> _Your instructions_
Using the listing below, copy exactly each line from the one that has "Logically, a class" through the one that has "This video is"; omit the pictures.

> _Stored data_
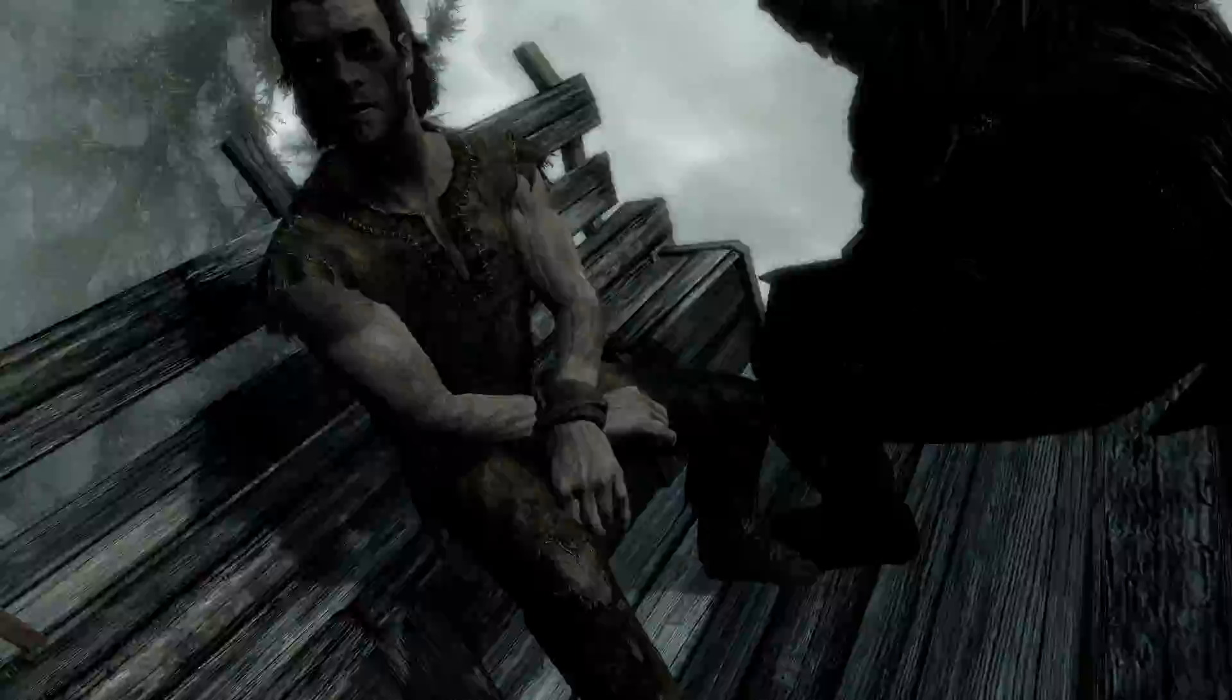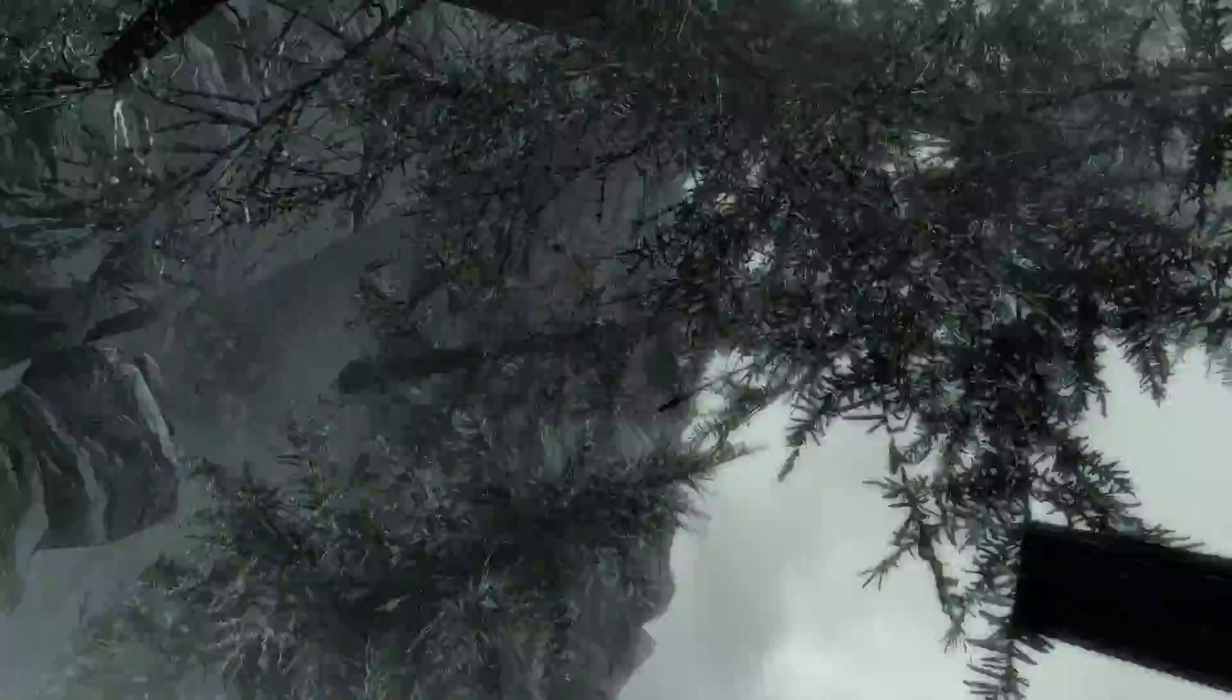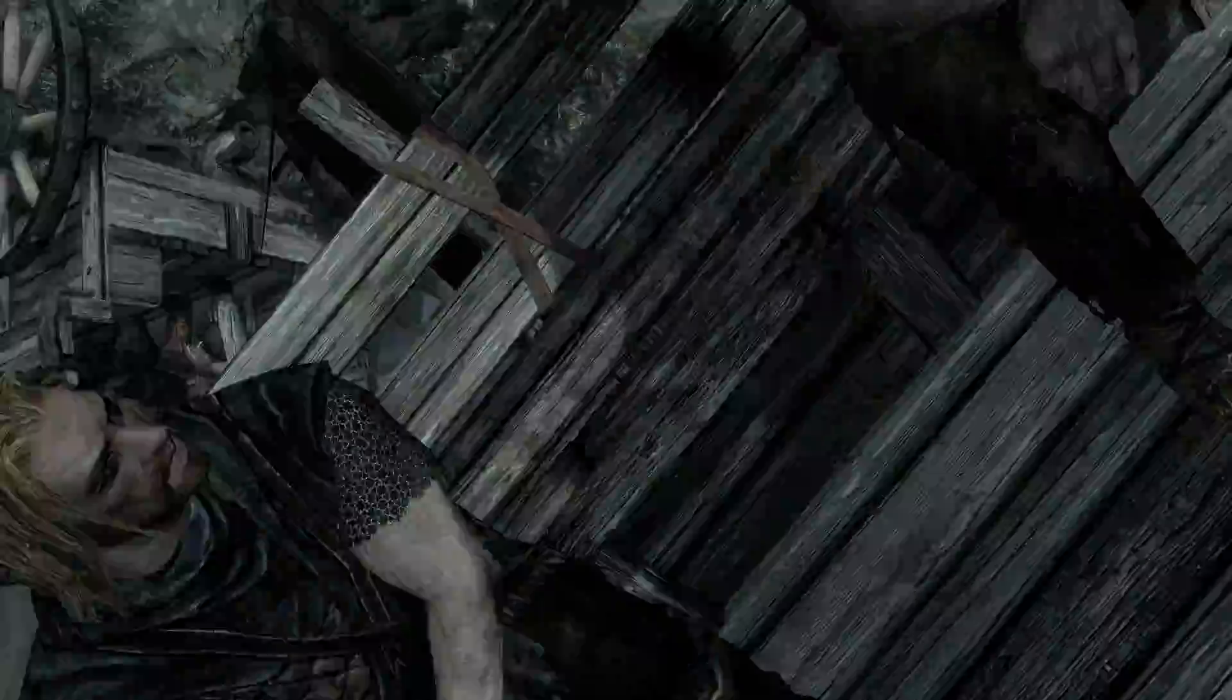You there, you and me. We shouldn't be here. It's the Stormcloaks the Empire wants. We're all brothers and sisters in Vines now, you thief. Shut up back there! What's wrong with him, huh?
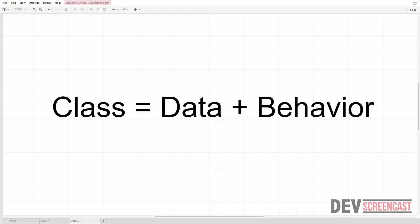Logically, a class is a coupling between data and the operations on that data. The way we store data in a class is through properties — each class will have a set of properties that act as storage for data. A property is simply like a variable, a container that stores information about that class. Methods are the operations that can be performed on that data.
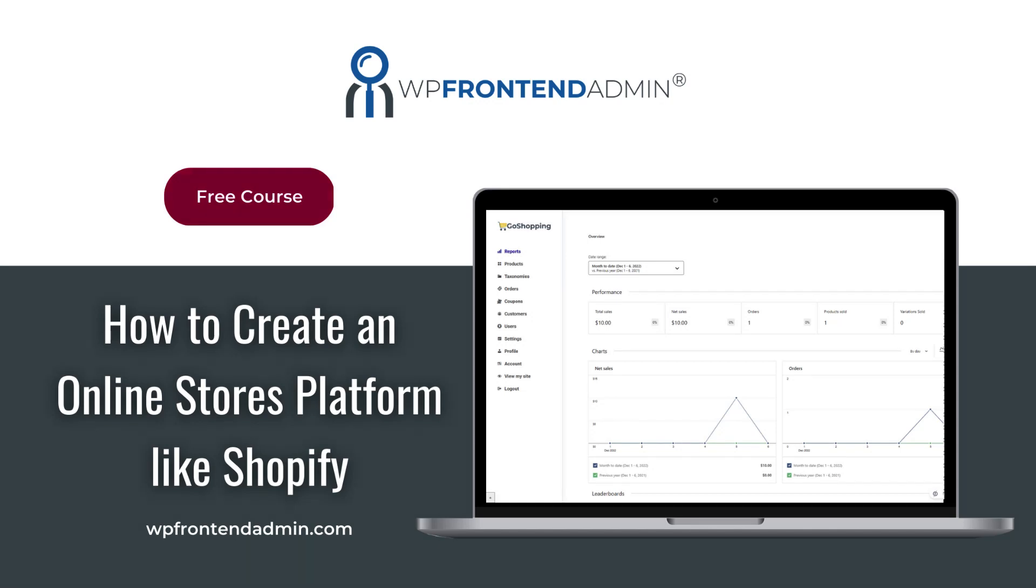This video is part of our free course on how to create an e-commerce platform like Shopify using WordPress, WP Ultimo, WP Frontend Admin, and WooCommerce.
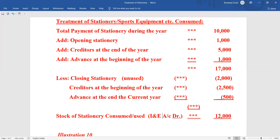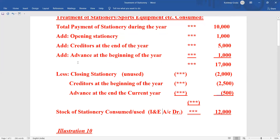This stationery consumed figure will be shown in the income and expenditure account on the debit side. Remember: it goes on the debit side of the income and expenditure account. While doing this type of sum for the first time you might be confused — try to watch this video repeatedly with short intervals. Have faith that you can understand; it is very simple. You are just finding out the amount of stationery consumed.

> _Answer below_
Logically, a class is a coupling between data and the operations on that data. The way we store data in a class is through properties — each class will have a set of properties that act as storage for data. A property is simply like a variable, a container that stores information about that class. Methods are the operations that can be performed on that data.
This video is part of our free course on how to create an e-commerce platform like Shopify using WordPress, WP Ultimo, WP Frontend Admin, and WooCommerce.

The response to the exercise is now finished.